Recycled plastic sleepers trial at Melbourne’s Richmond station

Recycled plastic sleepers trial at Melbourne’s Richmond station

Trains travelling through Melbourne’s Richmond station are now running on railway sleepers made from recycled plastic as part of an 18-month trial.

Environment Minister Lily D’Ambrosio and Public Transport Minister Melissa Horne were at Richmond train station on Monday to see the first of 200 sleepers being installed.

Produced in Mildura by Integrated Recycling, the Duratrack sleepers are made from a mix of polystyrene and agricultural waste, including cotton bale wrap and vineyard covers all sourced in Australia.

The recycled sleepers have a potential lifespan of up to 50 years, are half the cost of traditional timber sleepers and require far less maintenance.

The Victorian Government has invested $630,000 through grant programs delivered by Sustainability Victoria to make the project a reality.

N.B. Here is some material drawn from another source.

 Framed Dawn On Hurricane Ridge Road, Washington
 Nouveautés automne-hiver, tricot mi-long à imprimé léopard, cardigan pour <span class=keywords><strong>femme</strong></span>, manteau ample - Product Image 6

For every kilometre of track installed, 64 tonnes of plastic waste that would otherwise have gone to landfill will be recycled.

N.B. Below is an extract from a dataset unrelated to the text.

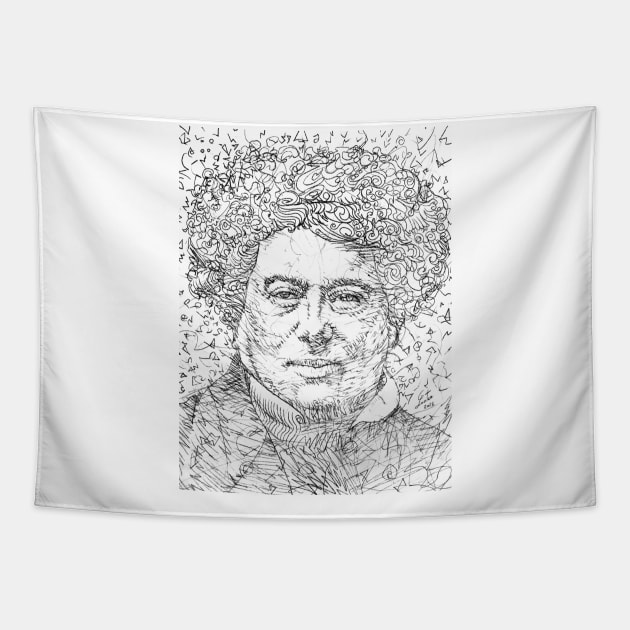 ALEXANDRE DUMAS pencil portrait .1 Tapestry by lautir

The product is the result of more than two years of research and product development led by Integrated Recycling and Monash University, with the sleepers already up and running at four Victorian tourist railways including the iconic Puffing Billy.

Introducing the new sleepers, approved for use on Melbourne’s metropolitan rail network, are part of environmental requirements included in the Victorian Government’s current contract with Metro Trains.

Environment Minister Lily D’Ambrosio said the project is a great example of the circular economy created through innovation and rethinking a product we use everyday.

Public Transport Minister Melissa Horne said it’s exciting to see innovative, environmentally friendly technology rolled out at one of Melbourne’s busiest train stations.